According to Guinness World Records, the record for ducks in Test match cricket is 43 and is held by one of the greatest, if not the greatest, tail-enders of all time, Courtney Walsh. Born in Kingston, Jamaica on October 30. 1962, Walsh was, of course, best known as an aggressive fast bowler who, alongside Curtley Ambrose, formed a formidable new-ball partnership throughout the nineties. Indeed, on March 19, 2001, Walsh became the first bowler in history to take 500 Test wickets and by the time of his retirement from international cricket, at the end of the fifth and final Test of the South Africa Tour of West Indies at Sabina Park, Kingston on April 23, 2001, had increased his career tally to a then-record 519 Test wickets.

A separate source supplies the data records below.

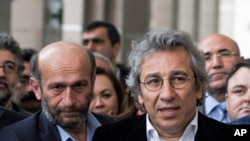 Can Dundar, right, the editor-in-chief of opposition newspaper Cumhuriyet, and Erdem Gul, left, the paper's Ankara representative, speak to the media outside a courthouse in Istanbul, Turkey, Nov. 26, 2015.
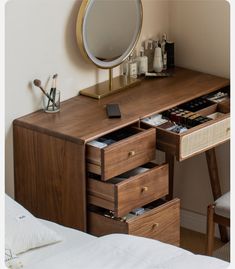 a wooden desk with drawers and a mirror on it's wall next to a bed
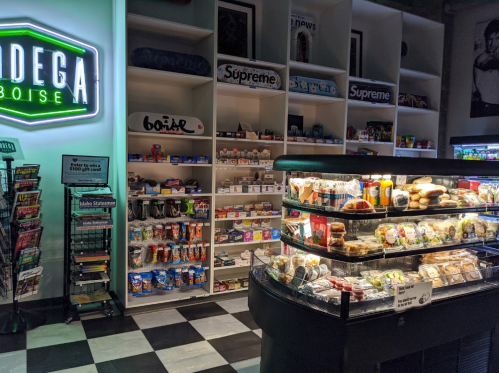A convenience store display with snacks, drinks, and a neon sign reading "Bodega Boise" in a modern setting.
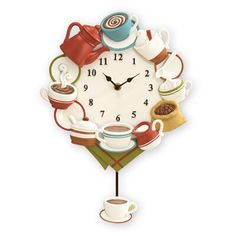 a clock with coffee cups and saucers on it's face is shown in this image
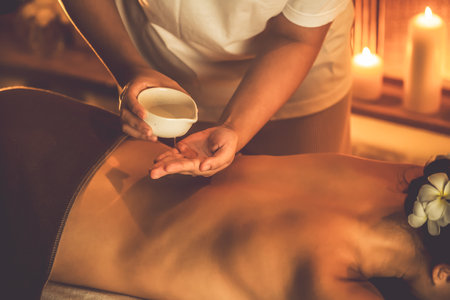 Masseur hands pouring aroma oil on woman back. Masseuse prepare oil massage procedure for customer at spa salon in luxury resort. Aroma oil body massage therapy concept. Quiescentの写真素材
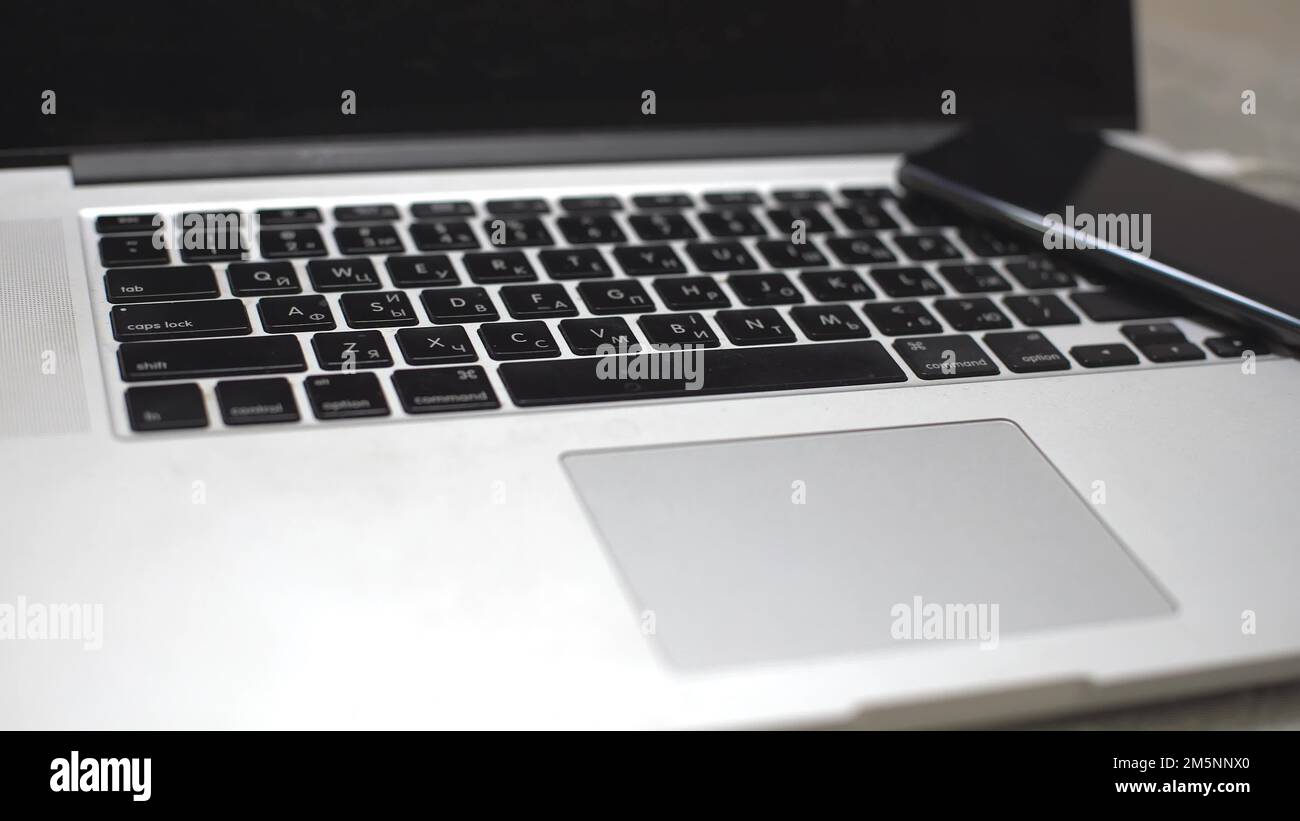 hand plugging the charger into cell phone against laptop computer Stock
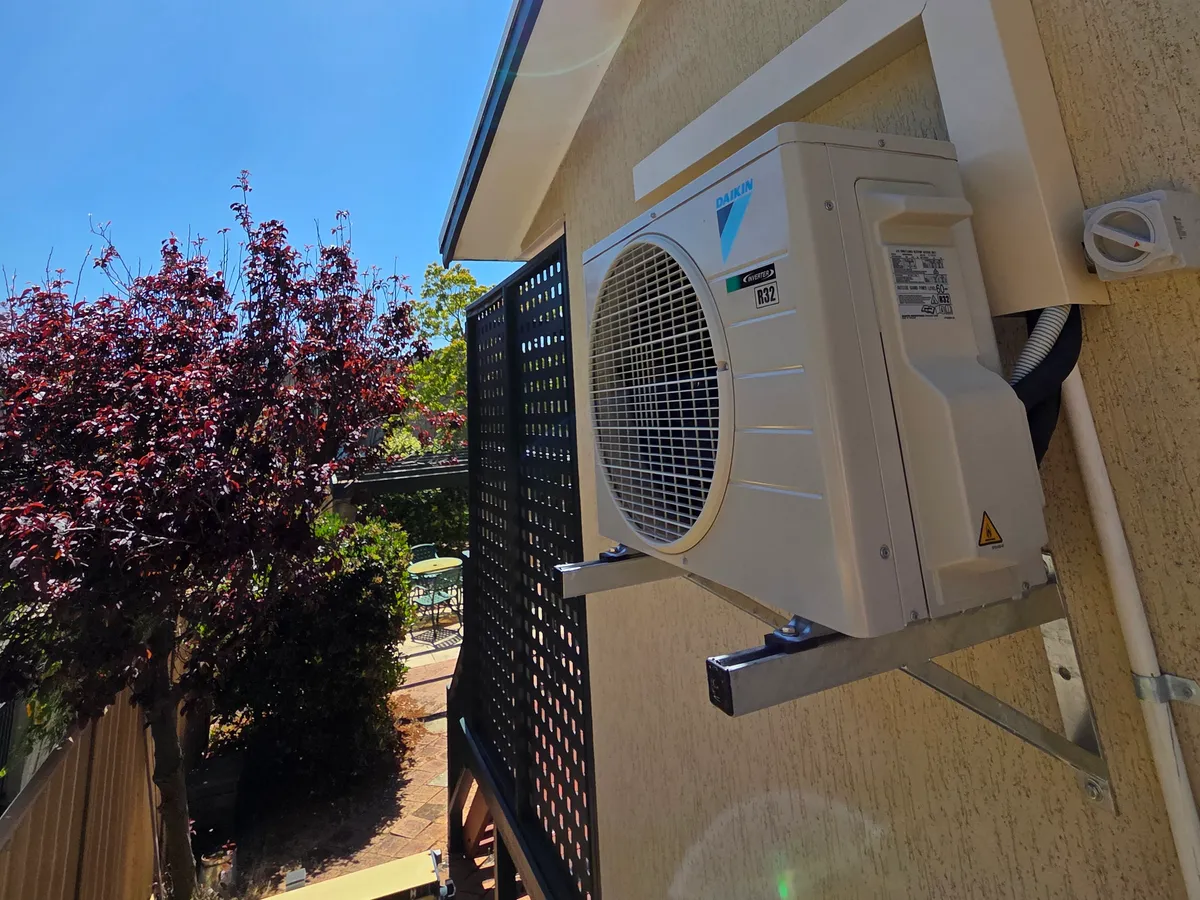 Daikin split system outdoor unit installed under the eaves of a Perth home by Otter Air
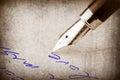 Fountain pen writing on the paper, Royalty Free Stock Photo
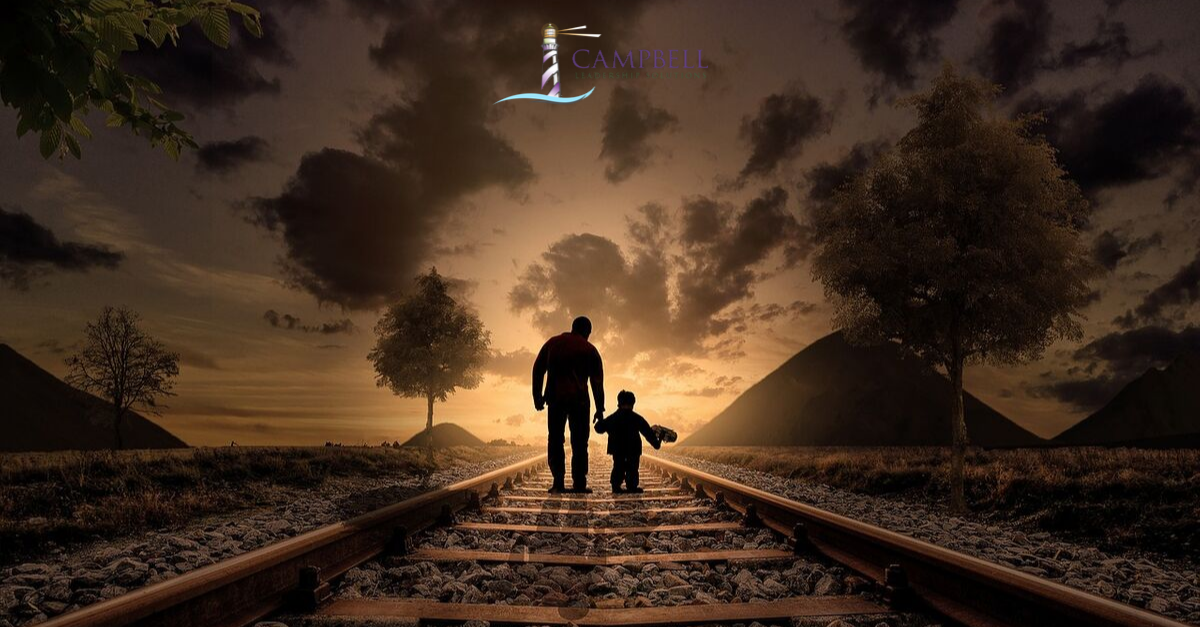 An adult and child walking along a railway track. Campbell Leadership Solutions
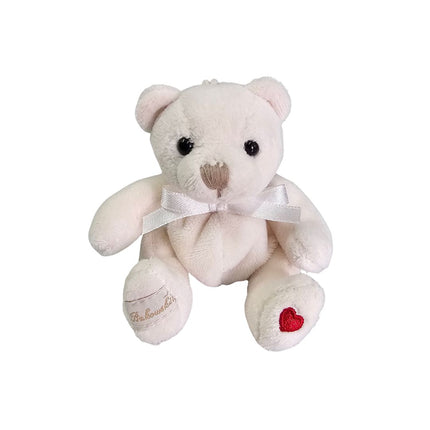 Kleiner Teddy Bär als Schlüsselanhänger in Weiss mit Herz auf dem Fuss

However, while Walsh was world class with the ball, he was the epitome of an out-and-out specialist bowler, whose comical antics with the bat became the stuff of legend. ‘Cuddy’, as he was known to his friends and family, made his Test debut in the first Test of the West Indies tour of Australia at the Western Australia Cricket Association (WACA) in Perth on November 10, 1984. He scored 9 not out in a West Indies first innings total of 416 – the first of 61 occasions on which he would be left at the crease at the end of a Test match innings – and did not need to bat again as the tourists won by an inning and 112 runs.
All told, Walsh played 132 Test matches for West Indies and, in 185 innings, scored 936 runs at an average of 7.54. Highlights of his less-than-stellar career as a Test match batsman included a high score of 30, achieved during a partnership of 57 with Ambrose for the ninth wicket in the first innings of the third Test of the West Indies tour of Australia at Melbourne Cricket Ground (MCG) in December, 1988. Lowlights, though, included a ‘pair’, when captain, in the second Test of the West Indies tour of Pakistan at Rawalpindi Cricket Stadium in 1997.